I’m revising my social media marketing and influencer marketing strategy to keep my freelance writer paychecks flowing while the Federal Trade Commission (FTC) investigates the publishing platform for deceptive practices.
If you’re not sure what I’m talking about, take a look at these recent headlines:
- Facebook trouble: FTC announces investigation, some Android users upset
- FTC Investigating Whether Facebook Violated Consent Decree
- Facebook’s Zuckerberg to testify before Congress
Now that you’re up to speed, here’s my personal quandary and one that you may soon face too as a marketing strategist, content creator or brand representative.
Social Media Isn’t Mindless Entertainment
I need Facebook. Posting to this social media platform is often a contractual requirement in my content creation contracts.
No post, no paycheck.
This week I applied for an influencer marketing campaign with a brand name food company that is promoting a healthy, gluten-free lifestyle. I have the values, goals and mindset of the target audience this brand it hoping to connect with, including a robust social media following of health-focused readers.

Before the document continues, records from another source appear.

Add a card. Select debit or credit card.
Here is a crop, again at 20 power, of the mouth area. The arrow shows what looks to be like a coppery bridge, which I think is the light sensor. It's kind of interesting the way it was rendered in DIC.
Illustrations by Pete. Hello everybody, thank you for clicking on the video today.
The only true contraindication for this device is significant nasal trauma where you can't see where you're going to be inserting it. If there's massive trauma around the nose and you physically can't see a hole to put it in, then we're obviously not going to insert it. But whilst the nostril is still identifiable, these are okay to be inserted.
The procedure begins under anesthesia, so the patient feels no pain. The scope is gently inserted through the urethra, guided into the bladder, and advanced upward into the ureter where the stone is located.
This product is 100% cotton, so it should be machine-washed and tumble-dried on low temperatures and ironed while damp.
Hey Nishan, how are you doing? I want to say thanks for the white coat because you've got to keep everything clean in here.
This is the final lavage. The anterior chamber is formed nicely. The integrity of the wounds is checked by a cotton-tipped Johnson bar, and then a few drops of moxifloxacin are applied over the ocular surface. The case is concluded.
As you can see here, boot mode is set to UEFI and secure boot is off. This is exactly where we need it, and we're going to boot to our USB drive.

As I clicked submit on the application, I paused at the social media sharing requirements, which included Facebook. Do I continue to apply for these projects, knowing my personal security and privacy are potentially being compromised? (Like many, I’m awaiting results of the Federal Trade Commission (FTC) investigation.)

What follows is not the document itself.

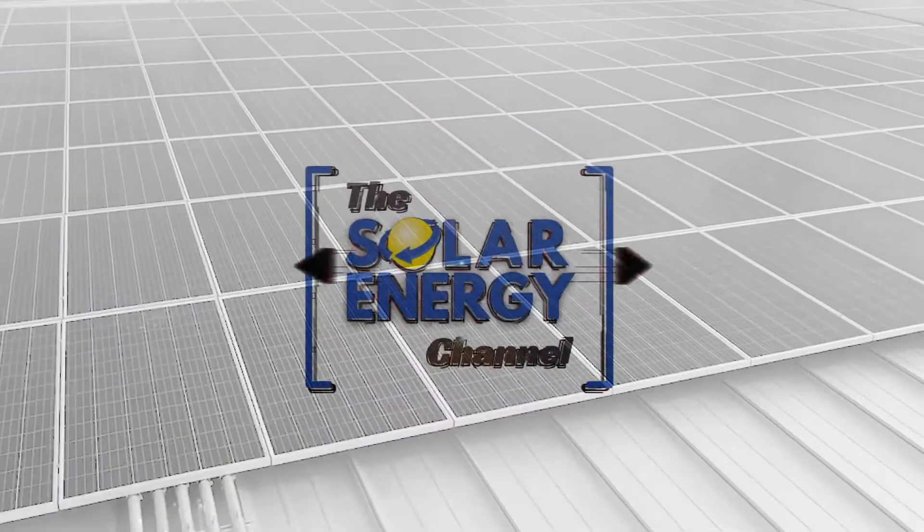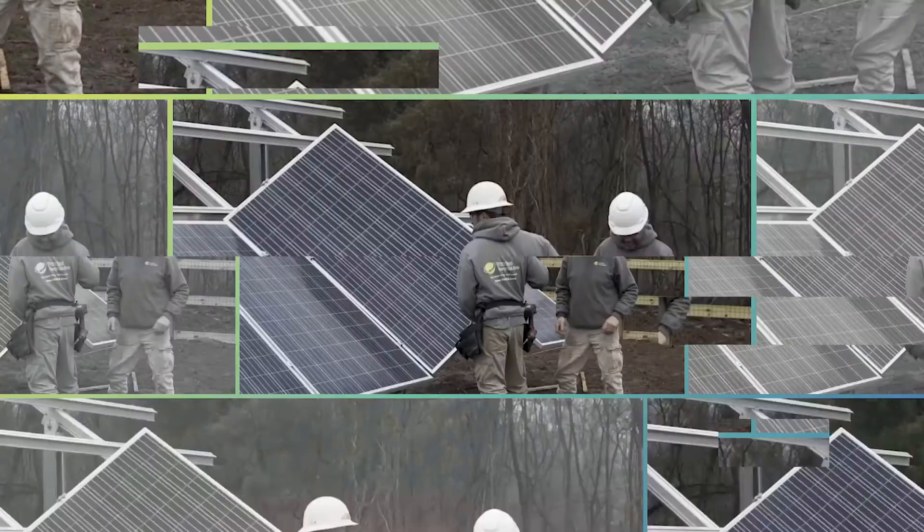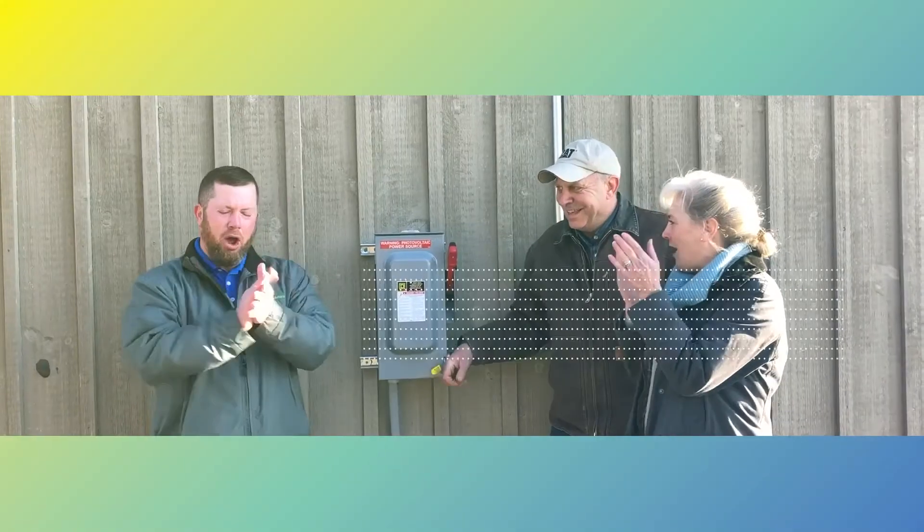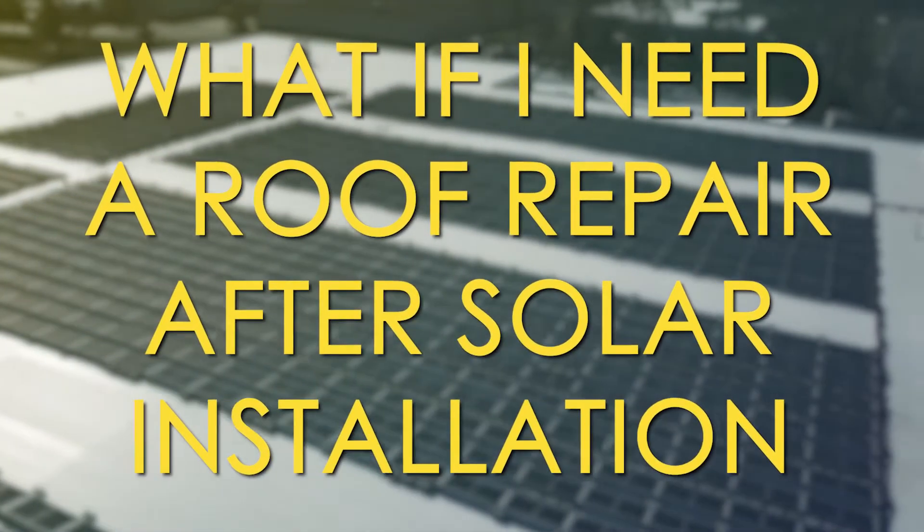Hello everyone, my name is Charles Fox and I'm Warren Miller, and in this video we're going to talk about replacing your roof if you already have solar on it. Let's assume that somebody has already installed solar, it's been there for years, it's working for them, and now their roof is at the end of its life and it needs to be replaced.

I’m sure other writers and content creators are feeling this confusion too.
A Shift In Marketing Outreach?
On the flip side, are marketing, influencer and ad agencies going to start funneling their Facebook campaign dollars into other social platforms, like Twitter or Pinterest? Should they?
Would a strategy shift keep top influencers interested in partnerships while the dust settles on this investigation?

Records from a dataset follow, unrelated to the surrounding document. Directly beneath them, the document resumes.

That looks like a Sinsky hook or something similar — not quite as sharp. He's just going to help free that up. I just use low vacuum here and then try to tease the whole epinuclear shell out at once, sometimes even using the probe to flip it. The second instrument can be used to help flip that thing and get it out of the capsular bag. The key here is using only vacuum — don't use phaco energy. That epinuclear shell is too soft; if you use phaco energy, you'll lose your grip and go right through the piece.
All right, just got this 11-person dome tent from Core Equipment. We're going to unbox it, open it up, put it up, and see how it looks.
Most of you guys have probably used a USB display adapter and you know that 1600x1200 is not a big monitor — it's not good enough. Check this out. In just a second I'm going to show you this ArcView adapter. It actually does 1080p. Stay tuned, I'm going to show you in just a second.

And what do brands think about all of this? Are they losing viewers as Facebook users decline?
Are they concerned about the privacy of their fans and social media management teams who are logging into the platform to post and engage with readers? (When I update my business Pages on Facebook, I have to log in to my personal account to access the Pages.)
I wish I owned a crystal ball. I’ve removed Facebook from my cellphone to restrict access to my personal call logs, photographs and text messages. I’ve updated the security settings on the desktop platform, deleted most third-party app partnerships and tightened everything possible.
For now, I’m revising my social media strategy because we all know this story isn’t over. More details will emerge. I’m keeping my head down and hands on the keyboard.